Copy word for word the line containing "2-к квартира, вторичка, 43м2, 1/5 этаж" together with all lines following it to the end of the listing below, without the pictures.

- _GIVEN ENTRIES_
....
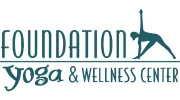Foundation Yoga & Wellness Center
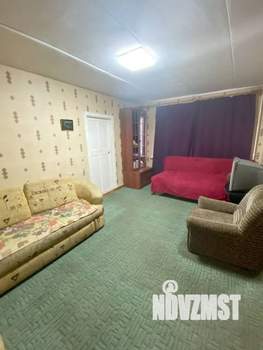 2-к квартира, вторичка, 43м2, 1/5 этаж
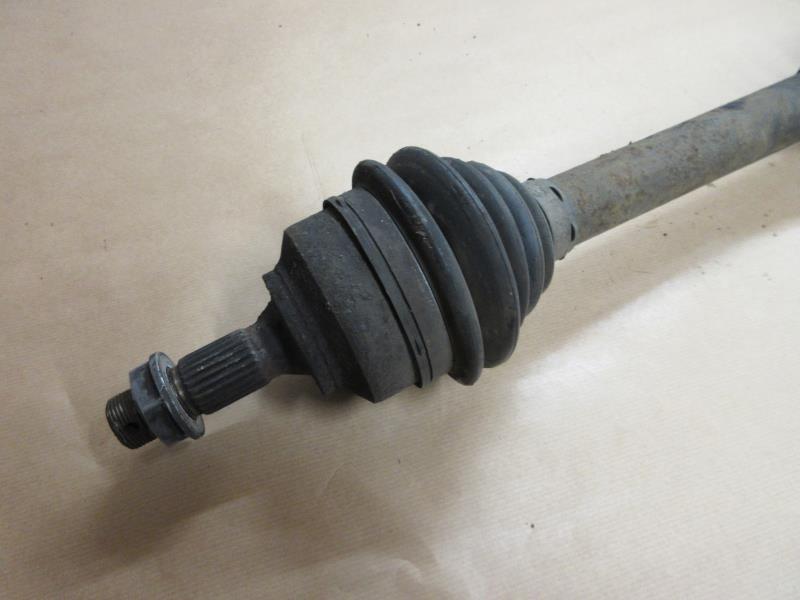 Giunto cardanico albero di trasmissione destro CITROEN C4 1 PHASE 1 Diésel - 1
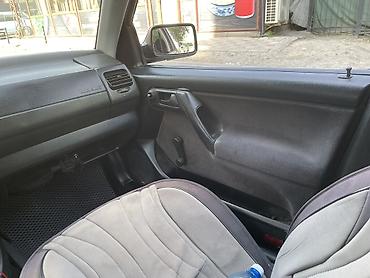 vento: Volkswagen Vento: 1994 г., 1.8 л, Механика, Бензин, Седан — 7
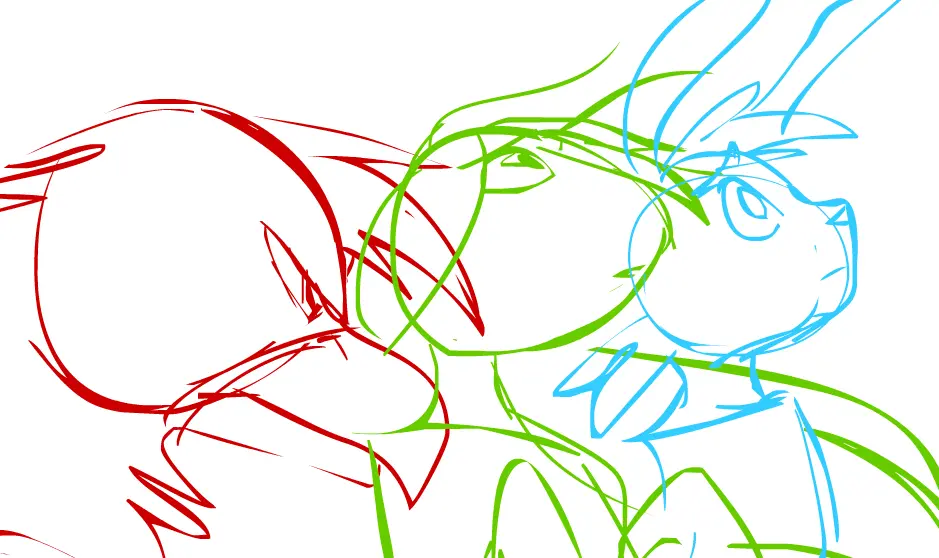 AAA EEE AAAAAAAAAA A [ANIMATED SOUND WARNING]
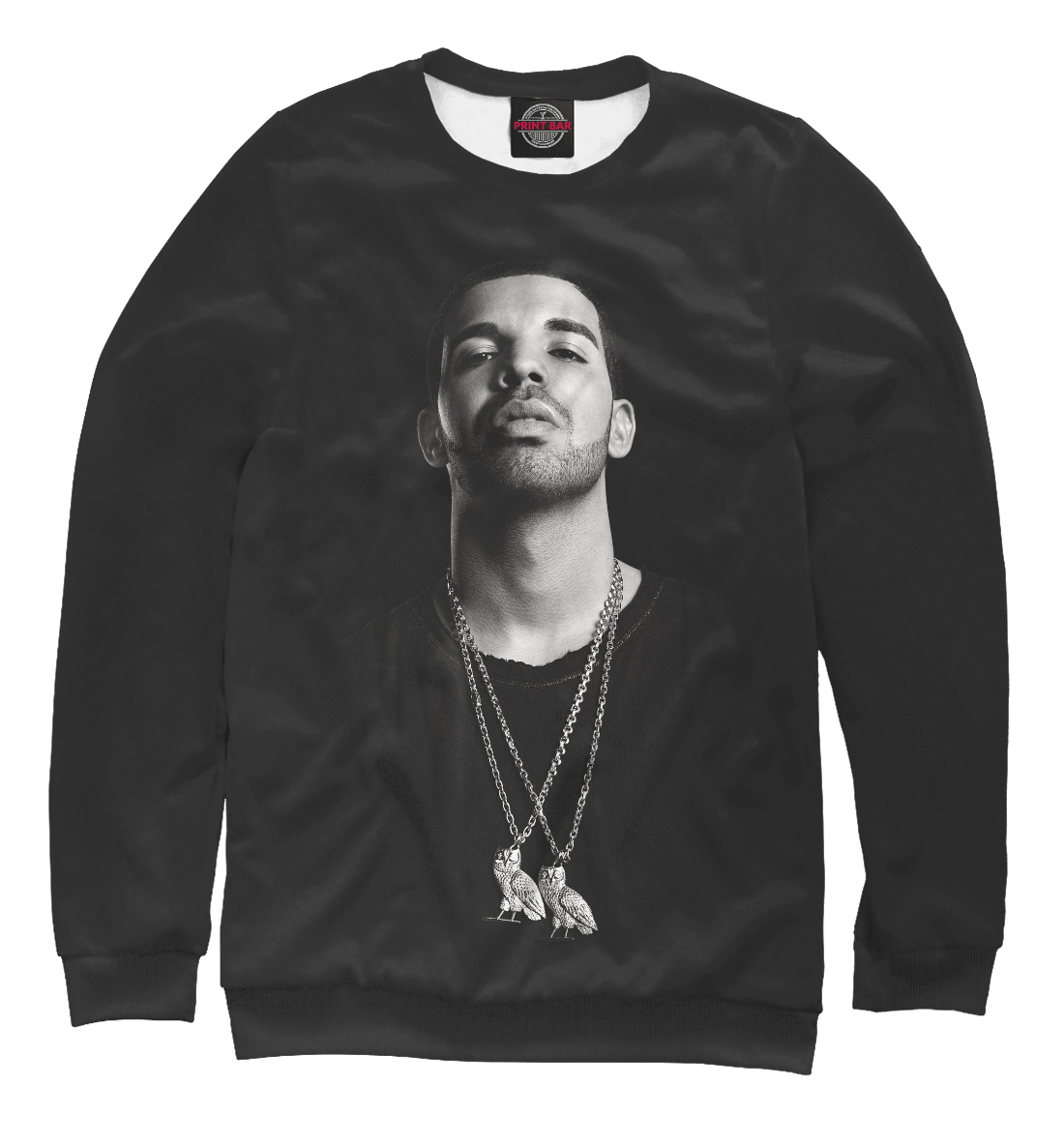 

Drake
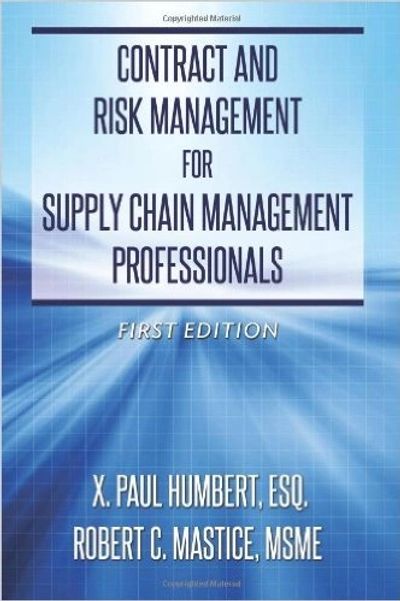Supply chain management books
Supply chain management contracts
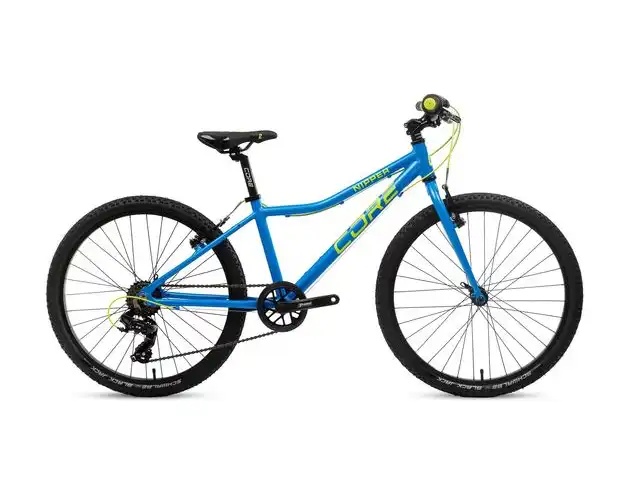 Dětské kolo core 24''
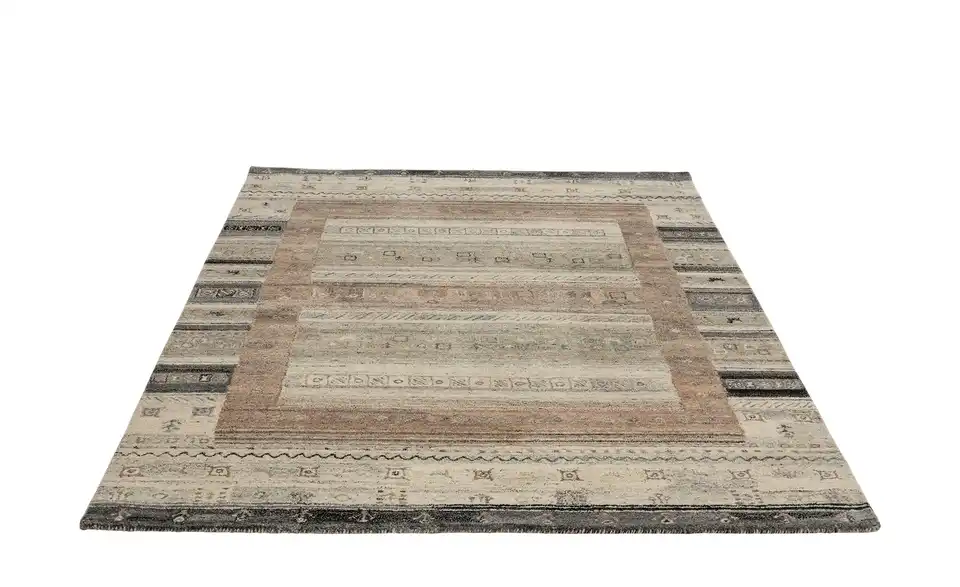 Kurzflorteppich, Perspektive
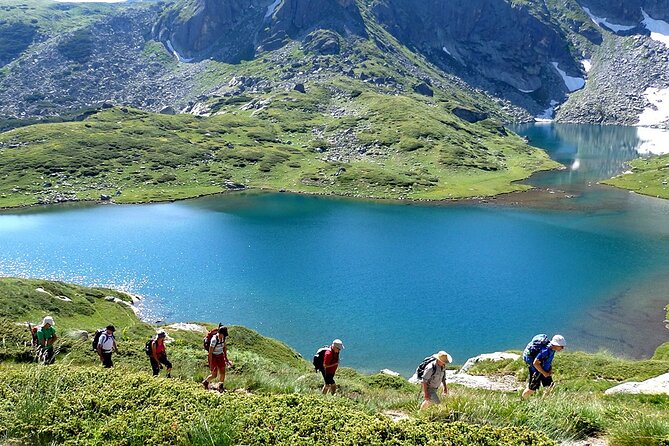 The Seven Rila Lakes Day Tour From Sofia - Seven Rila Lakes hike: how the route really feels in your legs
....
- _EXERCISE SOLUTION_
 2-к квартира, вторичка, 43м2, 1/5 этаж
 Giunto cardanico albero di trasmissione destro CITROEN C4 1 PHASE 1 Diésel - 1
 vento: Volkswagen Vento: 1994 г., 1.8 л, Механика, Бензин, Седан — 7
 AAA EEE AAAAAAAAAA A [ANIMATED SOUND WARNING]

Drake
Supply chain management books
Supply chain management contracts
 Dětské kolo core 24''
 Kurzflorteppich, Perspektive
 The Seven Rila Lakes Day Tour From Sofia - Seven Rila Lakes hike: how the route really feels in your legs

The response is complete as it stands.